*** Opening of Raw data ***

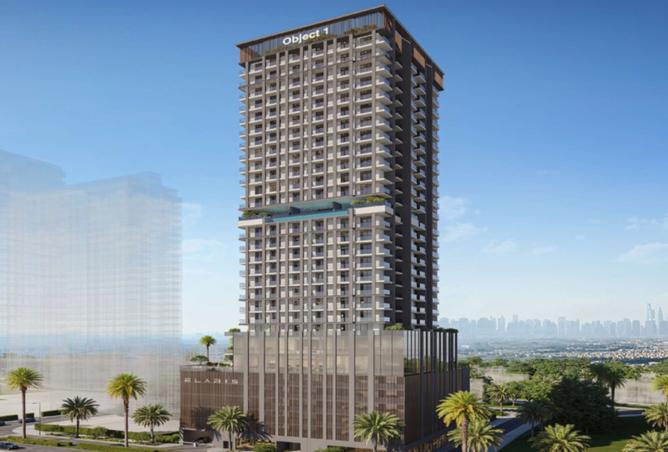 15851732 - Property Main Image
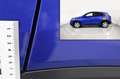 Honda HR-V 1.5 I-VTEC EXECUTIVE 5P Azul - thumbnail 9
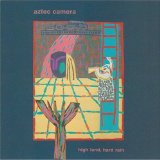 Download or print Aztec Camera Walk Out To Winter Sheet Music Printable PDF 2-page score for Pop / arranged Guitar Chords/Lyrics SKU: 108641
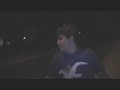 Rapping with J-Remy and Joey-B-Rad Rapping with J-Remy and Joey-B-Rad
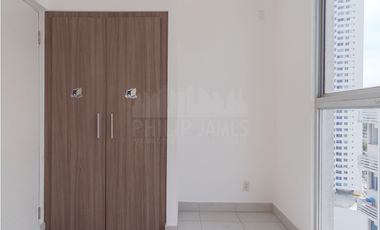 Remate: Venta de Apartamento en Balboa Rio Abajo, PH ILO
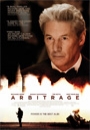 ARBIT - Arbitrage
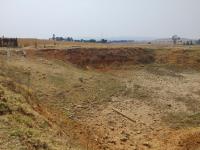  of property in Meyerton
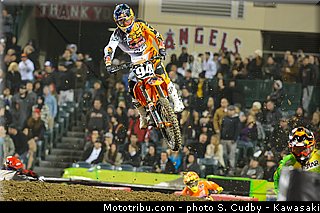 roczen_011_supercross_us_2013_anaheim_1.jpg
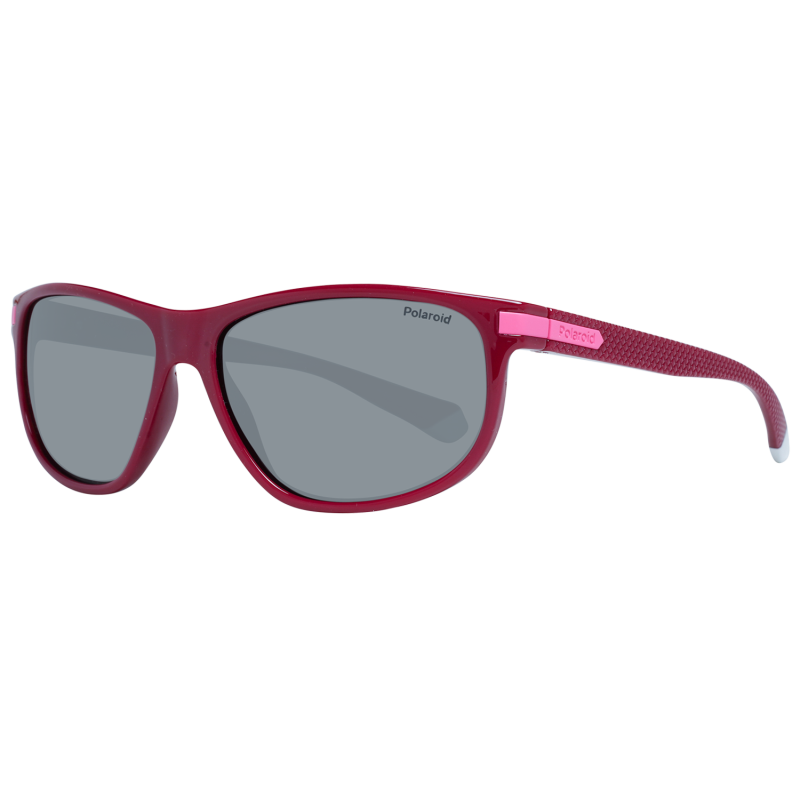 Оригинални Men слънчеви очила Polaroid Sunglasses PLD 2099/S 0TH/M9 58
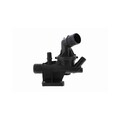 Thermostatgehäuse VEMO V46-99-1403 Original VEMO Qualität für FIAT NISSAN OPEL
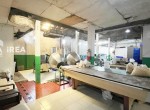dijual-rumah-di-karanganyar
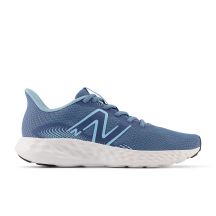 New Balance W W411CL3 sports shoes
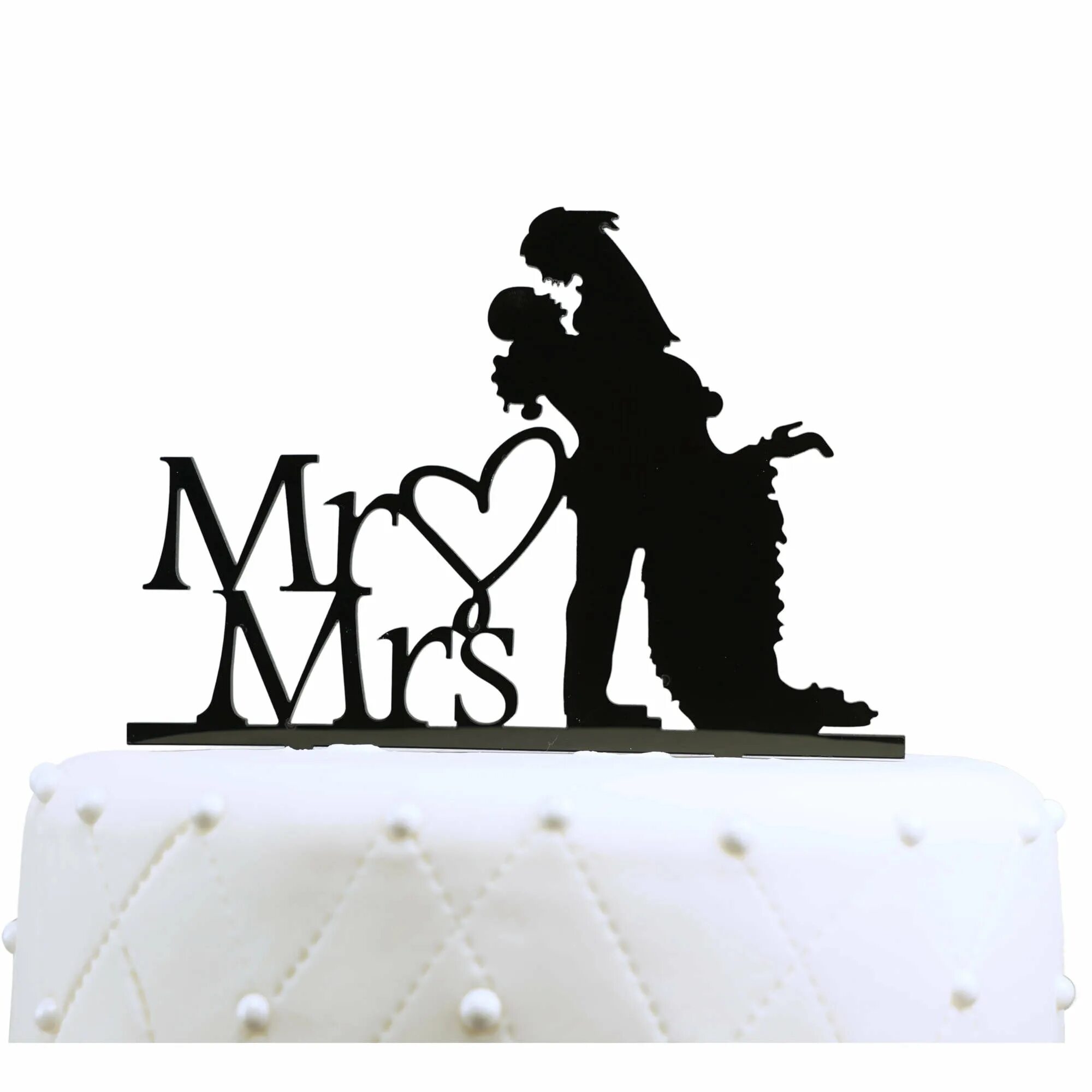 Mr Mrs силуэты. Силуэт Топпер Mr & Mrs. Mr and Mrs Cake. Быки Mr Mrs.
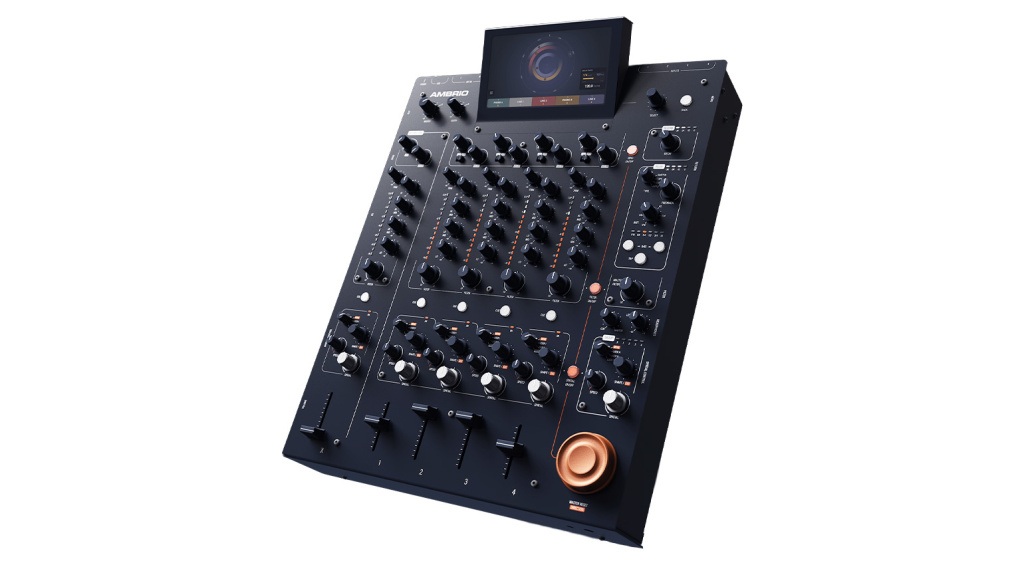 ambrio-spatial-performance-mixer-2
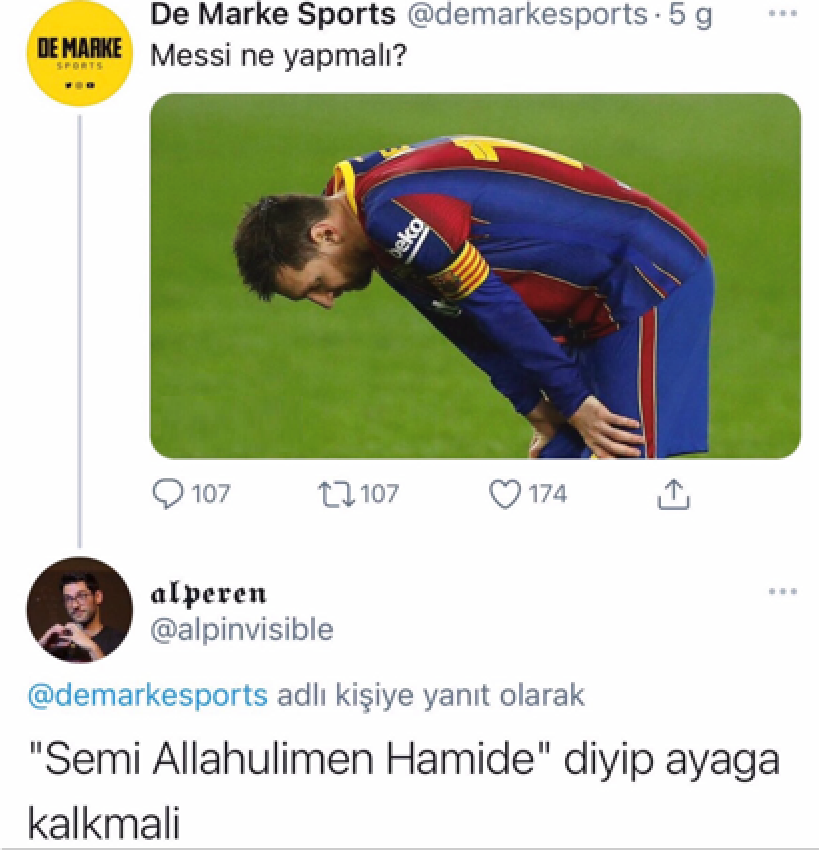 İT KÖPEK A.Ş. (@itkopekas_) on Twitter photo 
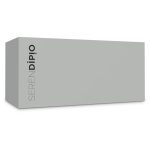 GF-SD-1298-B_BOX-02_1024X1024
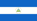 flag-of-Nicaragua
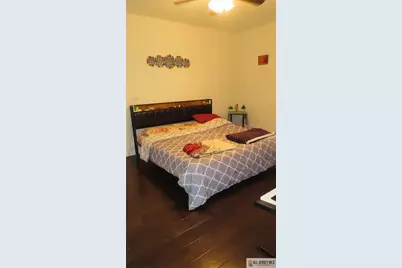 423 Micali Way #423, South Plainfield, NJ 07080 - Photo 13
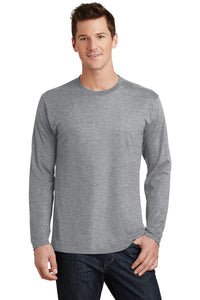 Everyday Long Sleeve Tee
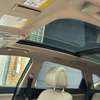 Hyundai Tucson thumb 9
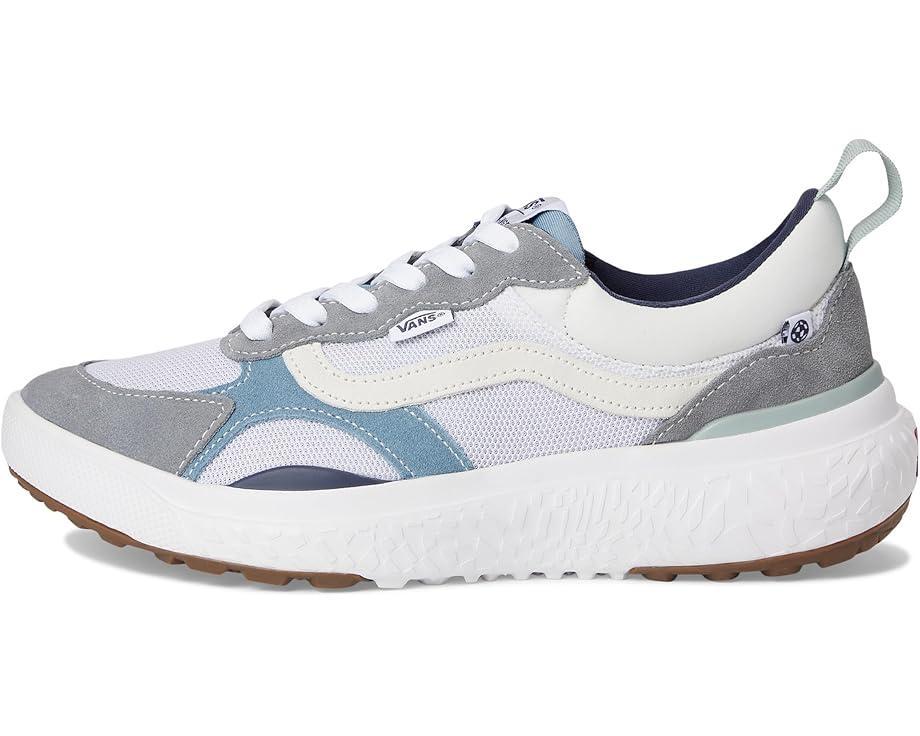 MTE Ultrarange EXO SE Product Image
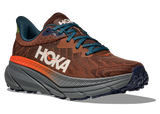 HOKA Men's Challenger 7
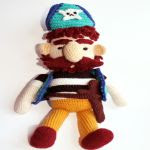 http://translate.googleusercontent.com/translate_c?depth=1&hl=es&rurl=translate.google.es&sl=en&tl=es&u=http://crochet-andrea.tumblr.com/post/130145909773/free-pirate-pattern-the-crocheting-andreas&usg=ALkJrhgxuPTcfweYKB8LTEvOqWXoWkxafg#notes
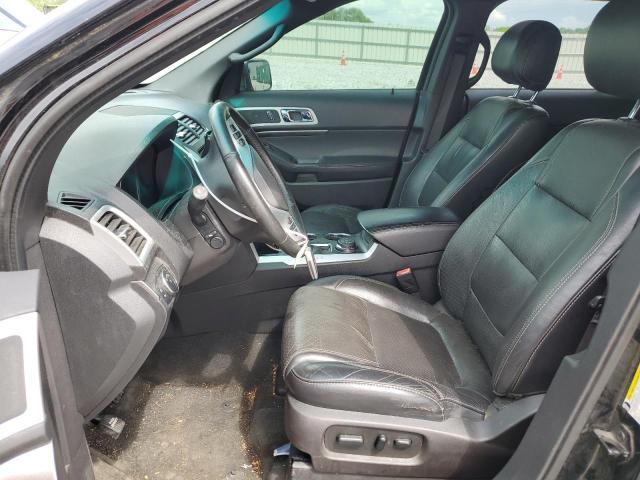 1FM5K8GT0EGB50537 Ford EXPLORER SPORT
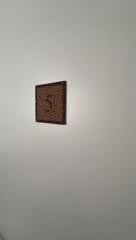 Travessa Corpo Santo nr 10 3D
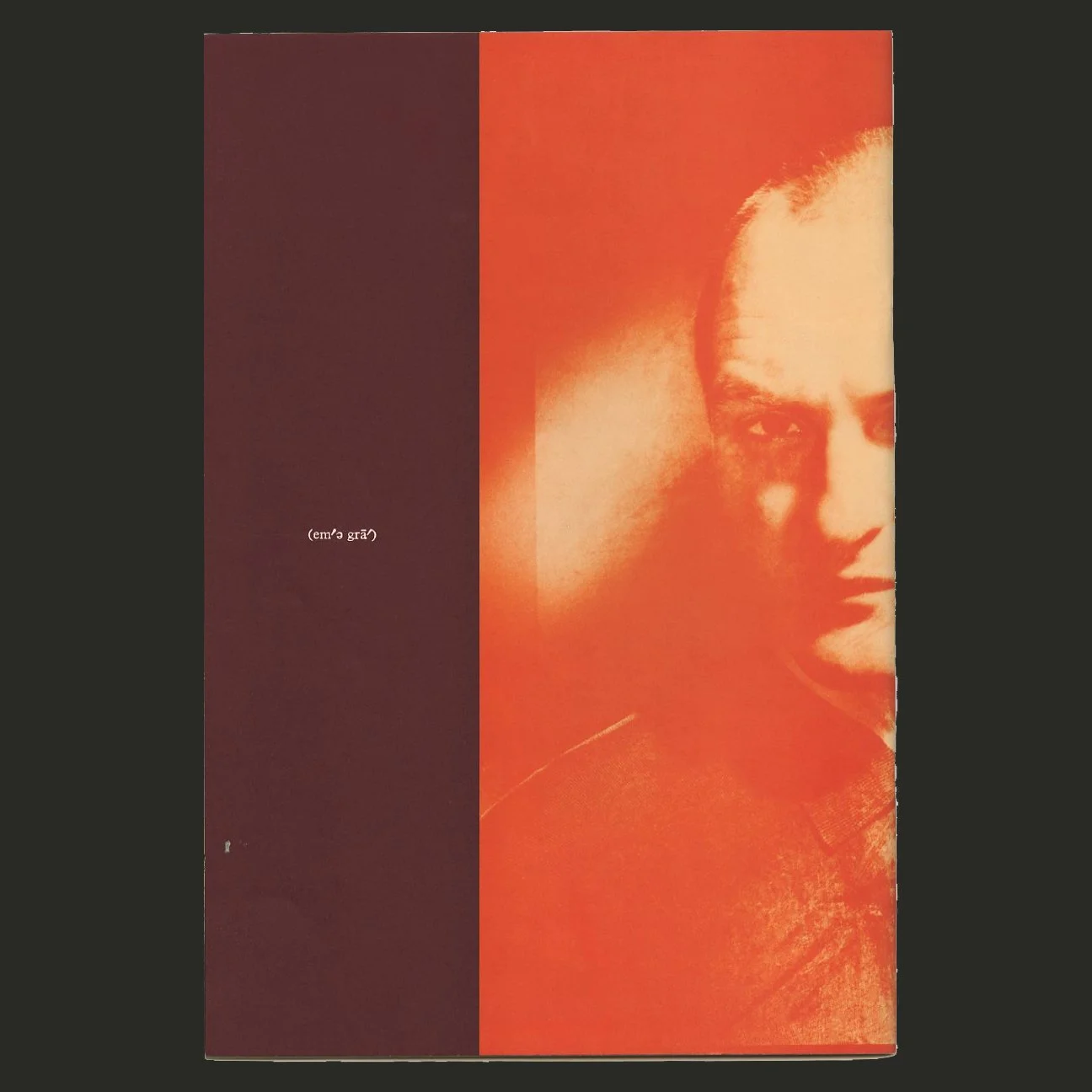 emigre_09_04.jpg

*** Close of Raw data ***

Quote, exactly and only, the lines from the first line of the data above through the line containing "roczen_011_supercross_us_2013_anaheim_1.jpg". The pictures do not belong in it.

 15851732 - Property Main Image
 Honda HR-V 1.5 I-VTEC EXECUTIVE 5P Azul - thumbnail 9
 Download or print Aztec Camera Walk Out To Winter Sheet Music Printable PDF 2-page score for Pop / arranged Guitar Chords/Lyrics SKU: 108641
 Rapping with J-Remy and Joey-B-Rad Rapping with J-Remy and Joey-B-Rad
 Remate: Venta de Apartamento en Balboa Rio Abajo, PH ILO
 ARBIT - Arbitrage
  of property in Meyerton
 roczen_011_supercross_us_2013_anaheim_1.jpg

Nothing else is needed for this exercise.